## Assigned task
When the line with "Gebraucht Citroën Berlingo" is found, repeat it and all lines that follow it exactly, stopping at the end of the listing.

## Entries shown
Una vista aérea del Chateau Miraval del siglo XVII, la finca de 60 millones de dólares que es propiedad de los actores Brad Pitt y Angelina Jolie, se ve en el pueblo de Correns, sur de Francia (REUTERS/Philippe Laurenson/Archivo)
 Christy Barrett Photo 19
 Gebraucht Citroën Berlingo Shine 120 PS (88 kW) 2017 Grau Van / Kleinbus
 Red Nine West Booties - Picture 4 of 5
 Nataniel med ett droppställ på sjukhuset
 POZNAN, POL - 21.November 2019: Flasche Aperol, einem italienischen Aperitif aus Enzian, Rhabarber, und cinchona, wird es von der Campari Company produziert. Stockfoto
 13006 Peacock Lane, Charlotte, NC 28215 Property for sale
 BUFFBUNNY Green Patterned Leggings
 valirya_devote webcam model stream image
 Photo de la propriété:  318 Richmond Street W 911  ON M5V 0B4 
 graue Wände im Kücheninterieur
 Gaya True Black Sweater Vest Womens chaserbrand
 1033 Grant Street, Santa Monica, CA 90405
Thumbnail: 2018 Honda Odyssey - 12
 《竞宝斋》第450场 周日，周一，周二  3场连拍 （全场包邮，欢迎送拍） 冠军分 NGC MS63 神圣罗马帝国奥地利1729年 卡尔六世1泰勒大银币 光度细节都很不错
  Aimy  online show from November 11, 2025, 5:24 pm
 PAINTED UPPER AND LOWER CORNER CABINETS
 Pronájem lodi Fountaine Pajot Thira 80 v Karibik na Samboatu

## The answer
 Gebraucht Citroën Berlingo Shine 120 PS (88 kW) 2017 Grau Van / Kleinbus
 Red Nine West Booties - Picture 4 of 5
 Nataniel med ett droppställ på sjukhuset
 POZNAN, POL - 21.November 2019: Flasche Aperol, einem italienischen Aperitif aus Enzian, Rhabarber, und cinchona, wird es von der Campari Company produziert. Stockfoto
 13006 Peacock Lane, Charlotte, NC 28215 Property for sale
 BUFFBUNNY Green Patterned Leggings
 valirya_devote webcam model stream image
 Photo de la propriété:  318 Richmond Street W 911  ON M5V 0B4 
 graue Wände im Kücheninterieur
 Gaya True Black Sweater Vest Womens chaserbrand
 1033 Grant Street, Santa Monica, CA 90405
Thumbnail: 2018 Honda Odyssey - 12
 《竞宝斋》第450场 周日，周一，周二  3场连拍 （全场包邮，欢迎送拍） 冠军分 NGC MS63 神圣罗马帝国奥地利1729年 卡尔六世1泰勒大银币 光度细节都很不错
  Aimy  online show from November 11, 2025, 5:24 pm
 PAINTED UPPER AND LOWER CORNER CABINETS
 Pronájem lodi Fountaine Pajot Thira 80 v Karibik na Samboatu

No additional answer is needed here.